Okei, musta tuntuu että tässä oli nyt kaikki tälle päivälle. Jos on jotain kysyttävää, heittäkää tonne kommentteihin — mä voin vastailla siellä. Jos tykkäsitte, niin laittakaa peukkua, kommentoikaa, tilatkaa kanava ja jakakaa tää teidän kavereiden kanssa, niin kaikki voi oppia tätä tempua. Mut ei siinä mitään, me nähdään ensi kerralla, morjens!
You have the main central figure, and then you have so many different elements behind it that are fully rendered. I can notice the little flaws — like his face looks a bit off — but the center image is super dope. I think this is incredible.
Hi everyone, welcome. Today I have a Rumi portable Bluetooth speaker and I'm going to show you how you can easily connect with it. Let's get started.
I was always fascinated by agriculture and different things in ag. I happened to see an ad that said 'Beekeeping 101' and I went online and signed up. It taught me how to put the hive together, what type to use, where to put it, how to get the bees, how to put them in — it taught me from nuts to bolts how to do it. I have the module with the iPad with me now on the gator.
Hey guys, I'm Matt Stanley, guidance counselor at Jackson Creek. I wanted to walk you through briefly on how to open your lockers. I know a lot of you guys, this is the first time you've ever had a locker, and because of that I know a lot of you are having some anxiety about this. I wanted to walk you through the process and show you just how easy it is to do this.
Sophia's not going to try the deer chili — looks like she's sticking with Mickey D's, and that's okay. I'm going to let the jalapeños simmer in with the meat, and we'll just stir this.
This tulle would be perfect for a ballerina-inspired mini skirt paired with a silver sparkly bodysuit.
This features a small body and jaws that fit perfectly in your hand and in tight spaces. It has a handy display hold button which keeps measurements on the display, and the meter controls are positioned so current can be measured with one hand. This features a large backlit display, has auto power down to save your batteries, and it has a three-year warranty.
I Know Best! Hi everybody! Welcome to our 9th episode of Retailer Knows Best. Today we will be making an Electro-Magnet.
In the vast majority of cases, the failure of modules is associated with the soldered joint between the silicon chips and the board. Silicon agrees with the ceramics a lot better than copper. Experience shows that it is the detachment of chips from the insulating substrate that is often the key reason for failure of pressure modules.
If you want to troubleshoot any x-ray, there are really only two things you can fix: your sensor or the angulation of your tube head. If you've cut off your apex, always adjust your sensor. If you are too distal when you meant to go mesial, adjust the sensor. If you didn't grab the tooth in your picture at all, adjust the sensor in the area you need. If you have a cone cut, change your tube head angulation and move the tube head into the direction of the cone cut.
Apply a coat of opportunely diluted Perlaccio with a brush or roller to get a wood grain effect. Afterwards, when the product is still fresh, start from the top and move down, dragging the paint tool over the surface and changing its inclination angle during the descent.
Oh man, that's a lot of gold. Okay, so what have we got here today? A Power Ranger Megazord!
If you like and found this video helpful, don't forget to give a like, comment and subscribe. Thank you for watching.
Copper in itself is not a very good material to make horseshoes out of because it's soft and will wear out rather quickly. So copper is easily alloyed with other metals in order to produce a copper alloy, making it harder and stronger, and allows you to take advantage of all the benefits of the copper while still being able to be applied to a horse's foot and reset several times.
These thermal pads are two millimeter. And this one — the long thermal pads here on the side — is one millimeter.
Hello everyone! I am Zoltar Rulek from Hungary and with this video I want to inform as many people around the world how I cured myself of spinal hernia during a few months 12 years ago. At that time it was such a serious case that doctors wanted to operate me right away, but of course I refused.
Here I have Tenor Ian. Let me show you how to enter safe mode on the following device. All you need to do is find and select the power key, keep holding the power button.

* _Work item_
Copy out, word for word, the part of the entries above that begins at the line with "Apply a coat" and ends at the line with "If you like", including both.

* _Answer to this problem_
Apply a coat of opportunely diluted Perlaccio with a brush or roller to get a wood grain effect. Afterwards, when the product is still fresh, start from the top and move down, dragging the paint tool over the surface and changing its inclination angle during the descent.
Oh man, that's a lot of gold. Okay, so what have we got here today? A Power Ranger Megazord!
If you like and found this video helpful, don't forget to give a like, comment and subscribe. Thank you for watching.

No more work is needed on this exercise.